The task: Below are some records; find each line that carries the word "Mixed" and copy it.

BEGIN Task material

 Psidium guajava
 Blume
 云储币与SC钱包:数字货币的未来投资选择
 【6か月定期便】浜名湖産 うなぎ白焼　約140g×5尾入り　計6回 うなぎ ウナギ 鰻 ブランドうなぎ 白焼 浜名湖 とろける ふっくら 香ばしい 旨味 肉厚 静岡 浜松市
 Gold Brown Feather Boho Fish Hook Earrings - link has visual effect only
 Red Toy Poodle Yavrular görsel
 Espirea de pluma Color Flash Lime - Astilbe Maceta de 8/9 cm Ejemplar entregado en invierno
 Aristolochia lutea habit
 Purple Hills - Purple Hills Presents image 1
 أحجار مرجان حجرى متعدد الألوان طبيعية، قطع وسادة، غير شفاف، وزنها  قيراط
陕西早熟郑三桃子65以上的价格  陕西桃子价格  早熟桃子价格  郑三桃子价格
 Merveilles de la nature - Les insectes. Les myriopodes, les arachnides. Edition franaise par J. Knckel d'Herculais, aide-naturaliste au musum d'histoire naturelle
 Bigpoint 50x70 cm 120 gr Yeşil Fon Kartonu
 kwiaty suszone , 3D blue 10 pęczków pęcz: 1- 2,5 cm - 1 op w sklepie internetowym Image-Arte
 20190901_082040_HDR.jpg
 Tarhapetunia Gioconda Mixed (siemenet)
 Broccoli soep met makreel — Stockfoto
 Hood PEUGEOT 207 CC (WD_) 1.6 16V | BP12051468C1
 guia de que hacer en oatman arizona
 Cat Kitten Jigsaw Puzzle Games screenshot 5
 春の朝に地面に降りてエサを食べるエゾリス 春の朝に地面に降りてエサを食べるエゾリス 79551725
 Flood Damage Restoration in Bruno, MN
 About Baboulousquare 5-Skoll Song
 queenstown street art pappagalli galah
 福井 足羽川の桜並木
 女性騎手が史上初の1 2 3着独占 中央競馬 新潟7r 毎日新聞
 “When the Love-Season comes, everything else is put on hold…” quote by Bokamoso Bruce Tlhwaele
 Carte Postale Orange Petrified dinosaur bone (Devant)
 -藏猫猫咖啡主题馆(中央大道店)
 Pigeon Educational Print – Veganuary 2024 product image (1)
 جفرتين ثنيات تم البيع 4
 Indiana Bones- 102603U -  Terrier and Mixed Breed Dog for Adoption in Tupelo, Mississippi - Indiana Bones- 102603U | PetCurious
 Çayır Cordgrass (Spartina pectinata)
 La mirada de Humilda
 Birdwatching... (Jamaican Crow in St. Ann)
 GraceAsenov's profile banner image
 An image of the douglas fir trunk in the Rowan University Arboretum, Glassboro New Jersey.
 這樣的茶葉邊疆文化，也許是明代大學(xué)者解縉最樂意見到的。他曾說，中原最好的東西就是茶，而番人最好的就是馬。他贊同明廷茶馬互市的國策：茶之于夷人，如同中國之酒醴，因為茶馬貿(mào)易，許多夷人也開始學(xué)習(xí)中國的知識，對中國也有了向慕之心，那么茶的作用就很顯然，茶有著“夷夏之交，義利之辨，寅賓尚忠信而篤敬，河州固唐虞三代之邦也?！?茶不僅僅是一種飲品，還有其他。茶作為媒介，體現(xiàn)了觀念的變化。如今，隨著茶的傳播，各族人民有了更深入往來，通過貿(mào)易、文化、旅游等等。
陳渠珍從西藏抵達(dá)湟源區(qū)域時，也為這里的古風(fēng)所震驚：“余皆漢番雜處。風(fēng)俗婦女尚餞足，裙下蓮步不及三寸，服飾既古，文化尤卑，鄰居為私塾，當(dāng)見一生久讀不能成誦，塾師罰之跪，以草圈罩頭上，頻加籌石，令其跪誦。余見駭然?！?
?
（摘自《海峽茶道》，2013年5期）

END Task material

Answer section:
 Tarhapetunia Gioconda Mixed (siemenet)
 Indiana Bones- 102603U -  Terrier and Mixed Breed Dog for Adoption in Tupelo, Mississippi - Indiana Bones- 102603U | PetCurious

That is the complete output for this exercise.